The aim in this book isn’t to say that everything is a disaster and we’re all screwed, because we already have Twitter for that. No. The aim isn’t even to say that the modern world has uniformly worse problems than before. In some specific ways it is getting measurably better. In figures from the World Bank, the number of people worldwide living in severe economic hardship is falling radically, with over one billion people moving out of extreme poverty in the last thirty years. And think of all the millions of children’s lives around the globe saved by vaccinations. As Nicholas Kristof pointed out in a 2017 New York Times article, ‘if just about the worst thing that can happen is for a parent to lose a child, that’s about half as likely as it was in 1990.’ So for all the ongoing violence and intolerance and economic injustice prevalent in our species, there are – on the most global of scales – also reasons for pride and hope.
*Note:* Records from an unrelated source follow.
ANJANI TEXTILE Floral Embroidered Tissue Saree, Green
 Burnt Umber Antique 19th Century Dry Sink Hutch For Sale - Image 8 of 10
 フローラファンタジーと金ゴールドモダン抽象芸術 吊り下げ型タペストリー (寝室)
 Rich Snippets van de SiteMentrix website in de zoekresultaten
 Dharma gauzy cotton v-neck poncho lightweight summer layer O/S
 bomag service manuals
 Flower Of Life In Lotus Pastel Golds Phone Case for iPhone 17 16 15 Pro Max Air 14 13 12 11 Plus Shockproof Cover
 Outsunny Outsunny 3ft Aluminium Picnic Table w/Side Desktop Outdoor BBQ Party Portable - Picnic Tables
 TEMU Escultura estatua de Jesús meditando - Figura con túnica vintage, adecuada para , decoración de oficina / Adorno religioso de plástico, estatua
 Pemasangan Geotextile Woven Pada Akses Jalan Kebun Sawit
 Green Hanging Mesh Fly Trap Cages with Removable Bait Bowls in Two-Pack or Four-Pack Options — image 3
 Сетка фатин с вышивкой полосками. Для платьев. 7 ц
The problem is that each age poses a unique and complex set of challenges. And while many things have improved, not all things have. Inequalities still remain. And some new problems have arisen. People often live in fear, or feel inadequate, or even suicidal, when they have – materially – more than ever.
And I am keenly aware that the oft-used approach of pointing out a list of advantages of modern life, such as health and education and average income, does not help. It is like a wagging finger telling a depressed person to count her blessings because no one has died. This book seeks to recognise that what we feel is just as important as what we have. That mental wellbeing counts as much as physical wellbeing – indeed, that it is part of physical wellbeing. And that, on these terms, something is going wrong.